FCA insights on cyber risk
The Financial Conduct Authority (“FCA”) has just published an Industry Insights document (“Insights”) on cyber security. Whilst not containing any formal guidance or rules, the Insights highlight the risks of cyber attacks to FCA regulated firms and confirms industry best practice around the key areas relating to cyber resilience: governance, identification, protection, detection, situational awareness, response and recovery, and testing.
Recent Trends in Cyber Security
The FCA’s publication of the Insights comes in the wake of the recent ‘Modern Bank Heists’ Threat Report (“Report”) by Carbon Black and Optiv. The Report contains a survey of financial services firms (including “4 of the top 10 banks in the world“) and seeks to uncover cyber attack trends in the global financial sector.
The survey found that 67% of surveyed financial institutions reported an increase in cyber attacks over the past year. Cyber criminals are becoming more sophisticated, with an increase in social engineering campaigns and attacks involving malicious phishing targeted at consumers. The Report also highlights the fact that “geopolitical tension is manifesting in cyberspace“, with attacks from certain nation states hitting SWIFT payment systems. Another worrying trend is the shift towards destructive attacks where hackers destroy data (rather than extract or extort it for financial gain). The poll illustrated that reports of these types of attacks had spiked by 160% within the last 12 months.
The financial sector is responding to the threat, with a reported 69% of firms planning to increase their cyber security spend by 10% or more. Security measures are becoming more proactive, with firms investing in threat hunting teams to speed up identification and recovery. However, as the Report warns, despite the financial sector having some of the most robust systems and defences, firms are by no means immune to the threat of cyber attacks.
FCA Insights and Rules
Previously, the FCA has focused on cyber resilience (as discussed in a previous blog post), with the advice to firms being to develop a culture of security and to ensure they are able to identify and prioritise their information assets. To this end, the FCA launched the Cyber Coordination Groups (“CCGs”), of which over 175 firms are members. The CCGs allow the industry to work together in order to improve practices and promote the understanding of new cyber security methods and procedures.
The latest Insights document builds on this work. The Insights make clear that there is no “one size fits all approach” to cyber security, as much will depend on firms understanding their own business in order to have a clearer picture of the potential threats.

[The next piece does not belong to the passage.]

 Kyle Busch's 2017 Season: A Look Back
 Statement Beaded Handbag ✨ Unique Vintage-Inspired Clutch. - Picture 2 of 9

Further, there is no replacement for firms adhering to existing security configuration standards such as CIS Benchmarks and guidance from the National Cyber Security Centre (“NCSC”).
However, the Insights set out practical steps, which firms are encouraged to take, such as implementing effective cyber security policies, procedures and controls; delivering cyber security training; proactively managing third-party suppliers; and investing in encryption.
Firms should also be sure to comply with the regulatory requirements relating to cyber security. The FCA’s expects, under Principle 11 of the Principles for Businesses, firms to must have controls and procedures in place in order to report material cyber incidents. When reporting these incidents, the FCA advises firms to contact their named FCA supervisors and the Prudential Regulation Authority (if the firm is dual-regulated). In addition, firms should consider reporting an attack to Action Fraud (if the incident is criminal) and the Information Commissioner’s Office (if the incident is a data breach).
The FCA is promoting co-operation and shared responsibility in the quest for increased cyber security. This community approach to the issue reflects wider industry and government initiatives (such as the Cyber Security Information Sharing Partnership developed by the NCSC).
The FCA has stated that it will continue to support the CCGs over the next 12 months and will keep sharing industry insights and innovative practices with the wider financial community.